Ruangan yang langsung kita temui adalah Bangsal Pringgandani yang dilengkapi kursi-kursi bergaya Eropa (namun terbuat dari rotan dilapisi beludru) dari tahun 1738 serta sepasang lemari kaca (biar tamu yang hobi nyisir kayak yang punya blog :P bisa ngaca dulu sebelum ketemu Raja).
Bangsal ini dihubungkan dengan bagian depan keraton oleh semacam koridor bernama Gajah Nguling yang dihiasi 6 buah tiang Tuscan. Uniknya, bangsal ini menyerong, dibuat seperti belalai gajah sedang menguak (nguling). Kondisi ini dimaksudkan agar musuh dari depan tidak langsung berhadapan dengan singgasana.
Singgasana Gading Gilang Kencana sendiri terdapat di dalam bangsal Agung Panembahan. Letaknya satu meter lebih tinggi dari bangsal Pringgandani dan Prabayasa. Di belakang singgasana, terdapat partisi dihiasi kain 9 warna (melambangkan 9 wali songo). Pemandu keraton mengatakan di belakang partisi terdapat tempat tidur Raja. Tatanan interiornya tidak berubah dari tahun 1529. Pengunjung tidak diperkenankan untuk memasuki ruangan singgasana ini.

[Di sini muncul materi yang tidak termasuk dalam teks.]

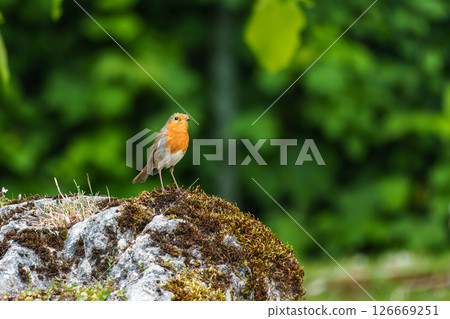 The European robin, Erithacus rubecula known simply as the robin is a small insectivorous passerine bird 126669251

Di sebelah kiri dan kanan ruang singgasana, terdapat tembok dekoratif yang mencolok dengan relief bernama Kembang Kanigaran. Ukiran di tengah, berbentuk bunga teratai yang jumlahnya melambangkan rakaat shalat. Terdapat juga dua ekor burung yang melambangkan rasa aman dan perlindungan, delima melambangkan keikhlasan dan manggis melambangkan kejujuran.
Di sekelilingnya, terdapat keramik dari Belanda. Keramik biru Delft menggambarkan pemandangan dan keramik berwarna cokelat berisi kisah dari kitab Injil. Kalau diperhatikan, kisah ini ditempel secara acak, ada yang tau kenapa?